B lymphocytes ameliorate Alzheimer?s disease-like neuropathology via interleukin-35

Increasing evidence supports the involvement of the peripheral immune system in the pathogenesis of Alz-heimer's disease (AD). In the present study, we found that B lymphocytes could mitigate beta-Amyloid (A beta) pathology and memory impairments in a transgenic AD mouse model. Specifically, in young 5 x FAD mice, we evidenced increased B cells in the frontal cortex and meningeal tissues; depletion of mature B cells aggravated these mice's A beta load and memory deficits. The increased B cells produced more interleukin-35 (IL-35) in the front cortex. We further found IL-35 neutralization exacerbated A beta pathology, while injecting IL-35 mitigated A beta load and cognitive dysfunction in 5 x FAD mice with or without mature B cell deficiency. Mechanistically, IL-35 inhibited neuronal BACE1 transcription through modulating the SOCS1/STAT1 pathway, and reduced A beta pro-duction accordingly. Reanalysis of the single-cell RNA sequencing data from blood samples of AD patients suggested an increased population of IL-35-producing B cells.
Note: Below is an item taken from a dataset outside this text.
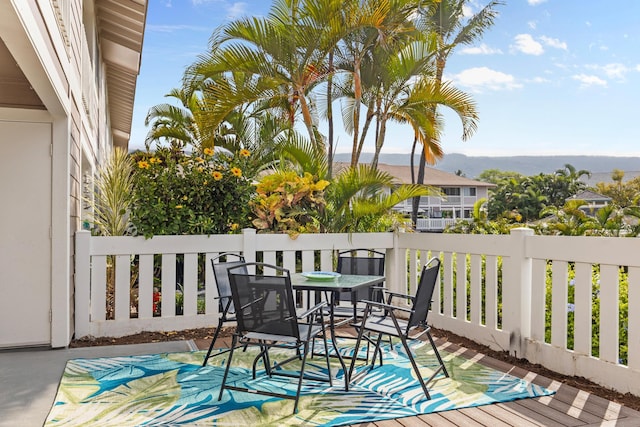 deck featuring outdoor dining space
Together, the present study revealed a novel effect of B lymphocyte-derived IL-35 on inhibiting A beta production in the frontal cortex, which may serve as a potential target for future AD treatment.

Automated summary

This study found that B lymphocytes could alleviate beta-Amyloid (Aβ) pathology and memory impairments in a transgenic AD mouse model. The depletion of mature B cells aggravated Aβ load and memory deficits in the mice.